Scientific classification
- Kingdom: Plantae
- Clade: Tracheophytes
- Clade: Angiosperms
- Clade: Eudicots
- Clade: Asterids
- Order: Gentianales
- Family: Apocynaceae
- Genus: Vinca
- Species: V. herbacea
- Binomial name: Vinca herbacea Waldst. & Kit.
- Synonyms: Vinca libanotica Zucc.; Vinca mixta Velen.; Vinca pumila E.D.Clarke;

= Vinca herbacea =

- Genus: Vinca
- Species: herbacea
- Authority: Waldst. & Kit.
- Synonyms: Vinca libanotica Zucc., Vinca mixta Velen., Vinca pumila E.D.Clarke

Species of plant

Vinca herbacea, with common name herbaceous periwinkle, is a flowering plant native to eastern Europe.

==Description==
Vinca herbacea is a herbaceous perennial growing as a trailing vine, spreading along the ground and rooting along the stems to form clonal colonies, growing up to 10–20 cm high.

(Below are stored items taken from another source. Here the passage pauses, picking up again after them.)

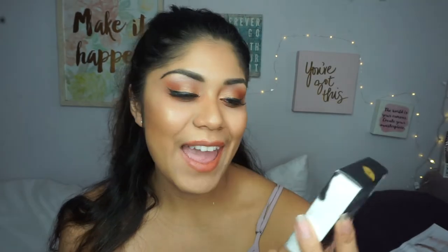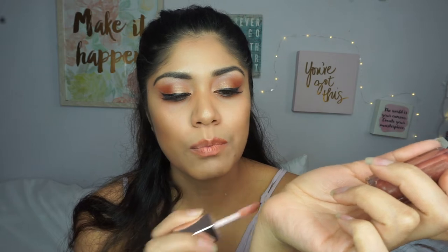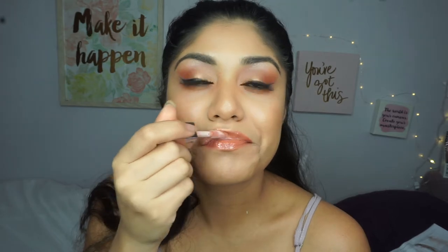The last two products I got were from Fenty Beauty by Rihanna. First, the Gloss Bomb — I'm actually wearing a little bit of it right now. Let me swatch it for you guys. I'm going to go ahead and put it on my lips. I love how it smells — it kind of smells like throat medicine for some reason — but it's so cute. I love the pinky berry look.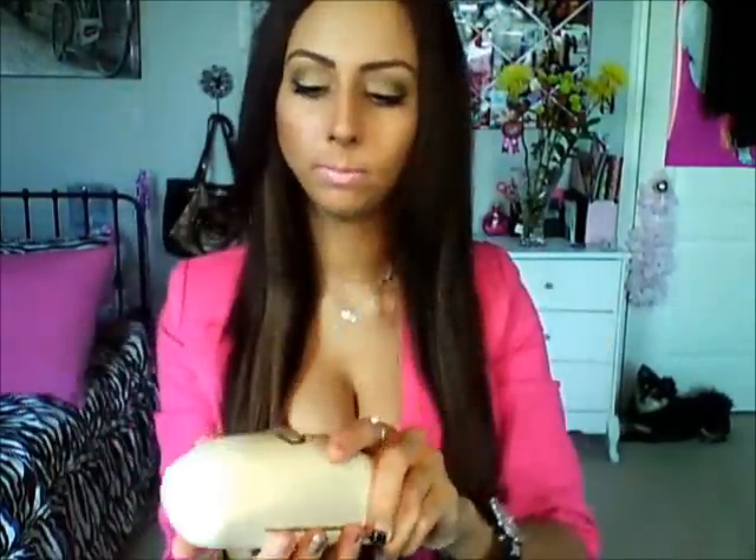Then I have my Dolce and Gabbana glasses — I need these all the time for driving, for school, for reading, even for work. They just have D&G on the side. Then I have my Hello Kitty mirror compact with a little brush. This comes in really handy because it's two in one — I don't have to keep a separate brush and mirror in my bag. Really compact. Love that.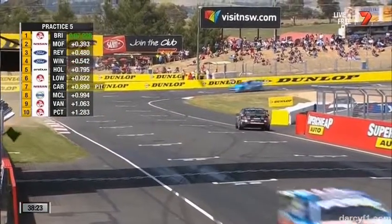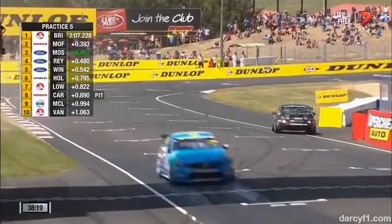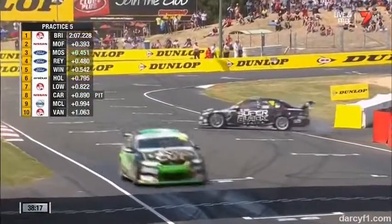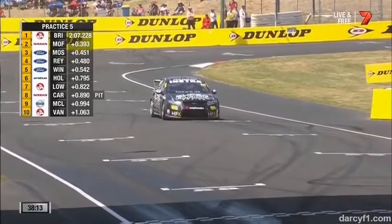That was close — that almost backed into the Super Cheap sign there. That exit curve is an interesting curve because you do use it like a motocross burn. The final corner is called Murray's Corner.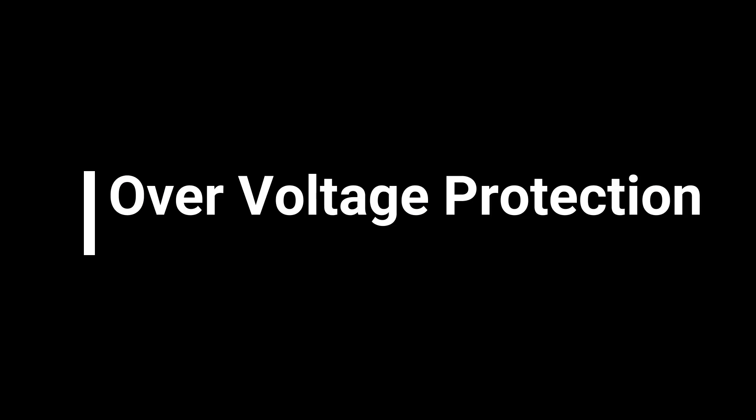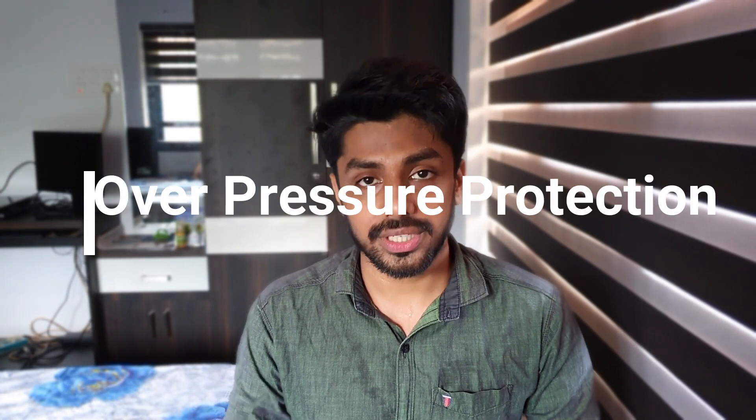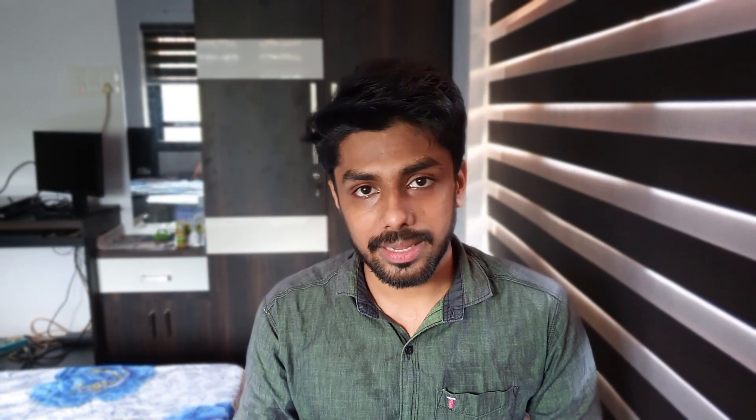The instrument cluster in an electric vehicle indicates the user information from the battery management system. The most important functions of a BMS are overcurrent protection, overvoltage protection, undervoltage protection, overtemperature protection, undertemperature protection, overpressure protection, and leakage current detection. A BMS acts as an intermediate device that connects the battery from the load to prevent excessive load changes to protect the battery.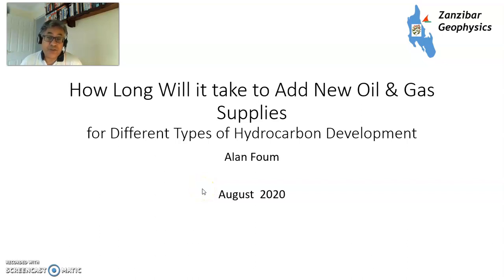Hello, my name's Alan Foom and today I'm going to talk about how long will it take to add new oil and gas supplies using different types of hydrocarbon development. This is a follow-up to an earlier video about what the different types of hydrocarbon development are. But how long will it take?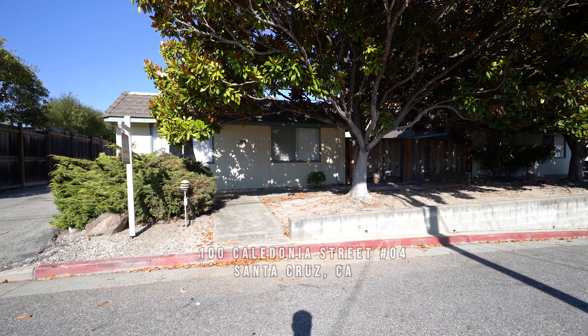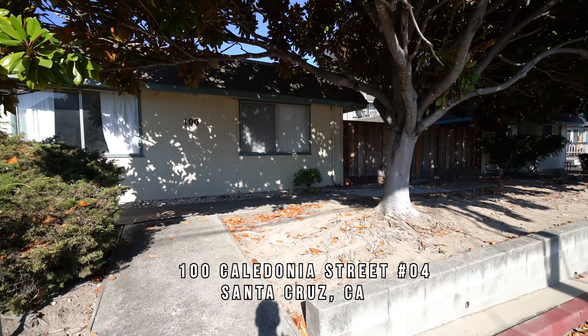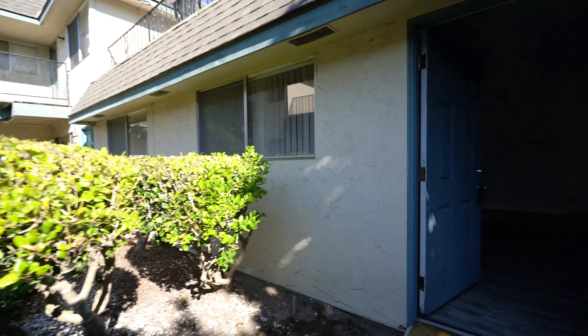Welcome to 100 Caledonia Street in Santa Cruz. We're taking a look at unit number four. It's a two-bedroom, two-bath apartment for rent on the ground floor. Let's take a look.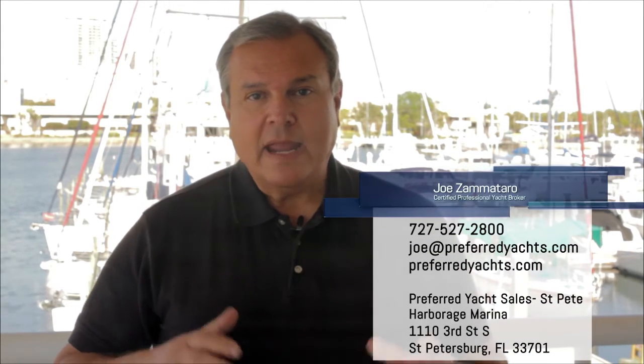To see high-definition pictures of this boat or explore some of my other featured brokerage listings, please visit my personal website at joezam.com. On that site you can explore over 850 central listings that we have, as well as information on why you might want to consider listing your boat with us. Thank you for taking the time — I look forward to hearing from you.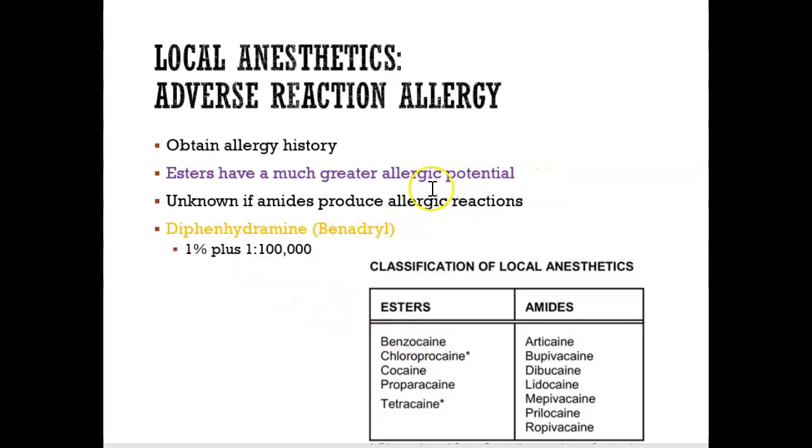If someone is allergic to an amide or an ester, there is a local anesthetic that could be given — it's like a Benadryl, and it basically diminishes that allergy.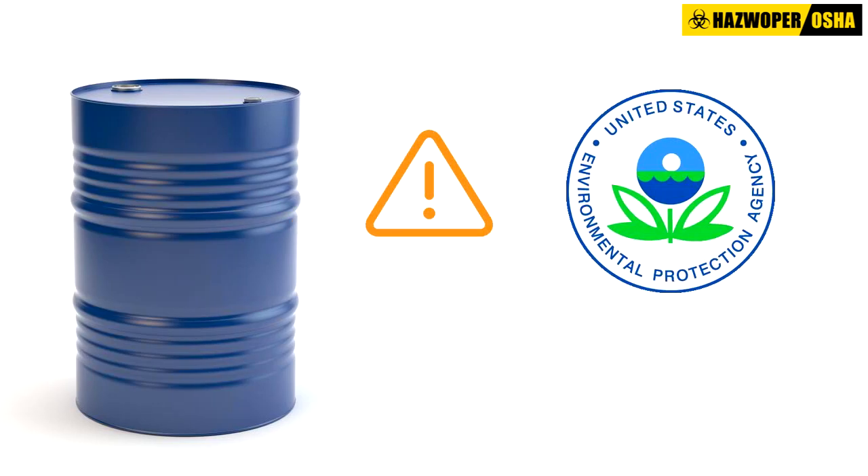Small Quantity Generators are now required to notify the EPA once every four years of their status, instead of a single one-time notification.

The leaves are opposite, lanceolate, 1–5 cm long and 0.2–3 cm broad, glossy green with an entire margin, and nearly sessile with only a very short petiole.

The flowers are produced in late summer, blue-violet or occasionally white, 2.5–3.5 cm diameter, with a five-lobed corolla.

==Distribution and habitat==
The plant is native to eastern and southeastern Europe, from Austria south to Greece, and east to the Crimea, and also in northern Western Asia, in the Caucasus and Alborz mountains, mainly in steppe habitats.

==Cultivation==
Vinca herbacea is occasionally grown as an ornamental plant in temperate climate gardens, as a rock garden plant.